Pasé a ver a Nancy. Una amiga muy puta, o una puta muy amiga, no sé cuál sería la manera más apropiada de decirlo.
Trabajaba, Nancy, de puta. Esa era su profesión. La había conocido de esa manera, ella ejerciendo su trabajo, yo buscando aliviar mis necesidades, calmar mis ingobernables apetitos.
Nos habíamos hecho amigos. Ella no me cobraba, yo le hacía regalos. Cada tanto íbamos a cenar, o al cine. A ella le gustaban las películas de acción, hablábamos de la vida.
La llamé, le dije que andaba cerca de donde atendía. Me dijo que pasara después de las siete.
Esperé en un bar, tomé una cerveza mirando a través del vidrio la ciudad hecha de indómita locura, después fui.
Seguía trabajando pero poco, ella, dos o tres tipos por día. Tenía una clientela que le era fiel, y había hecho algún dinero. Ya no tenía la obligación de trabajar de puta, pero era lo que sabía hacer. Tenía ahorros, auto, y una casita en la costa, su pequeña hija, Iris, iba a un colegio privado. No le había ido tan mal en la vida, eso decía.
Me quedé en calzoncillos, ella estaba con una bata, nos sentamos a ver un poco la televisión, en la cocina.
–Pará –dijo. Abrió un regio vino que le había traído un cliente.
Era nuestro privado ritual. Un poco de cotidianeidad, no forzado, sin todo lo malo que la cotidianeidad suele traer aparejado. Conversábamos un poco, mirábamos cualquier cosa en la televisión. Después ella se arrodillaba y me la chupaba, o me llevaba de la mano a la cama.
–Mirá –me dijo–. Aprendí algo nuevo, jamás se me hubiera ocurrido.
–A ver –dije.
Entonces ella se metió el control remoto, del televisor, en la vagina.

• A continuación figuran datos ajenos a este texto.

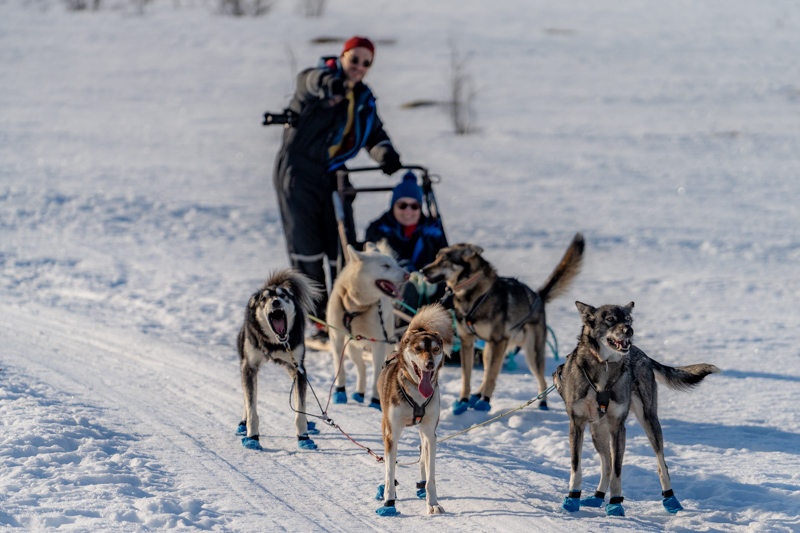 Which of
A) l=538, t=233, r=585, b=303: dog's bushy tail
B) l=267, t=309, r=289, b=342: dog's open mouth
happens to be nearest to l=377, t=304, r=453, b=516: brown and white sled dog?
l=267, t=309, r=289, b=342: dog's open mouth

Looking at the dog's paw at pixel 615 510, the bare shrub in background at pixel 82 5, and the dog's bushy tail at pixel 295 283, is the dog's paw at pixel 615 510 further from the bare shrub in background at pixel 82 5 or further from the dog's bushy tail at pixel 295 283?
the bare shrub in background at pixel 82 5

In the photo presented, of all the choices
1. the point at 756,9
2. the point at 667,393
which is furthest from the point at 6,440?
the point at 756,9

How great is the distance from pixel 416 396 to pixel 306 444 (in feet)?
3.86

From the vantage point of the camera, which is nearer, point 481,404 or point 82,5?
point 481,404

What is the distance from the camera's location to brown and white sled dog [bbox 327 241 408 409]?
497 cm

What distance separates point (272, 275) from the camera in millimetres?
4473

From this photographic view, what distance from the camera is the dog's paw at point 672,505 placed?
11.7 ft

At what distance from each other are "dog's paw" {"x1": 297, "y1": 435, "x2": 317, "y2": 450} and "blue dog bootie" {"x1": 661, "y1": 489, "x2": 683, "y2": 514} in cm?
184

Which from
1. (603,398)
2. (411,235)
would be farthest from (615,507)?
(411,235)

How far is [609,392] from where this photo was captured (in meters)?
3.42

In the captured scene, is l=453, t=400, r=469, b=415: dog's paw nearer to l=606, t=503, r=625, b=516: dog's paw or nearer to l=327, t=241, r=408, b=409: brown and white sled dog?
l=327, t=241, r=408, b=409: brown and white sled dog

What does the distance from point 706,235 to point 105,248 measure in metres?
7.78

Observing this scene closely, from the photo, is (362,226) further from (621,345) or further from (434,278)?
(621,345)

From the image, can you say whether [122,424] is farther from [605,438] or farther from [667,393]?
[667,393] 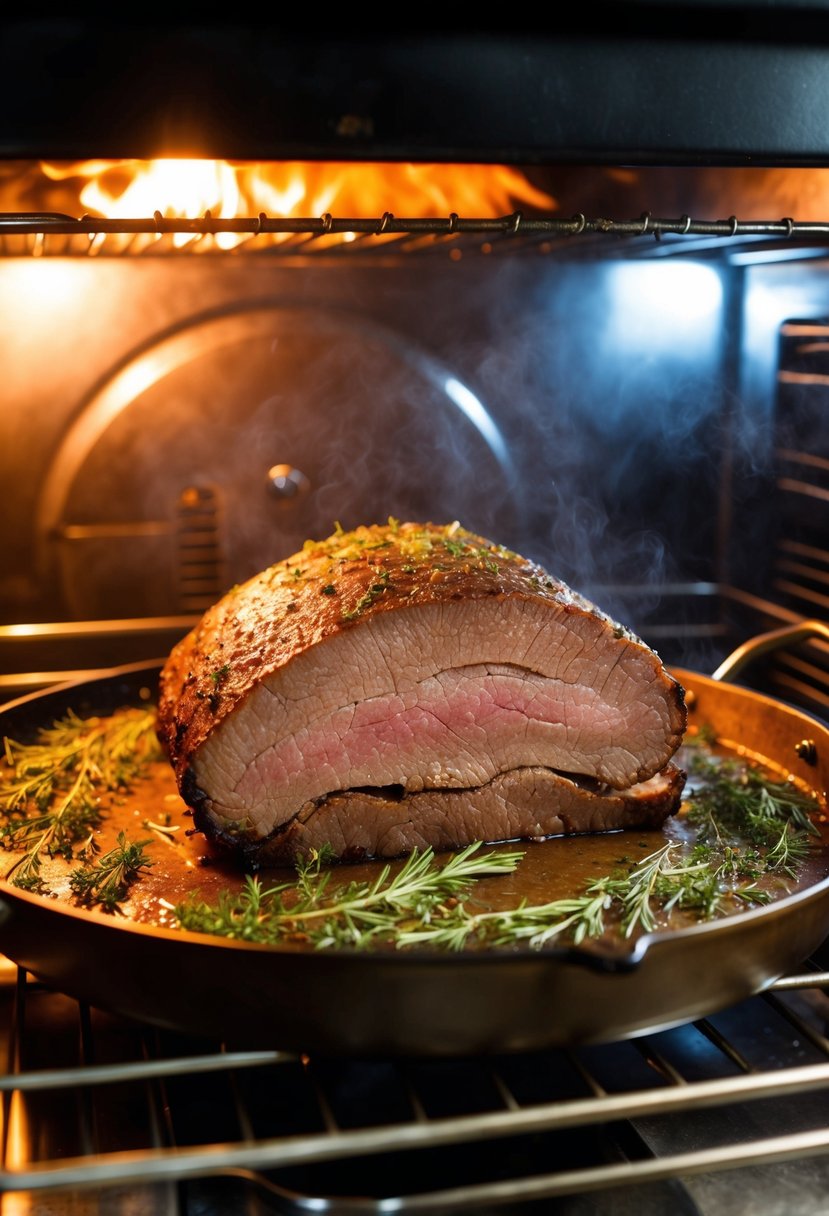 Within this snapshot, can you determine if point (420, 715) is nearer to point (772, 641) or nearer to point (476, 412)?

–Decime qué canal querés ver –dijo.
–¿Eh?
–Qué canal. Vas a ver.
Dije el 58. Ella, sentada, hizo un movimiento, apenas, con la parte inferior del abdomen. Apareció el 58 en la pantalla.
–Fue casualidad –dije–. A ver, 39.
Se movió, como si se acomodara en la silla. La televisión cambió de canal. Al 39.
–¡Es increíble! –Dije, porque era absolutamente increíble.
–Pará, mirá –se sacó el control remoto de la vagina, se metió su teléfono celular–. Decime tu número.
Se lo dije. Ella se movió un poco, cruzó una pierna. Mi teléfono comenzó a sonar.
–Nooo –dije–. Es genial, absolutamente genial. ¿Podés mandar mensajitos?
–Sí –dijo–. Lo que quieras. Puedo escribir cualquier cosa.
No le creí. Hicimos la prueba. Funcionaba a la perfección. Tuvo una falta de ortografía, pero era porque ella creía que la palabra se escribía así.
–Es genial, de verdad. No sé qué decirte.
Ella se sacó el teléfono de la vagina. Se puso de pie, vino hasta mí. Se me sentó encima.
–¿Vamos a la cama, o preferís que te la chupe un poquito? –Y mientras yo le acariciaba con las yemas de los pulgares esos magníficos pezones, siguió– Todos tenemos algún don, eso es lo fantástico de este mundo.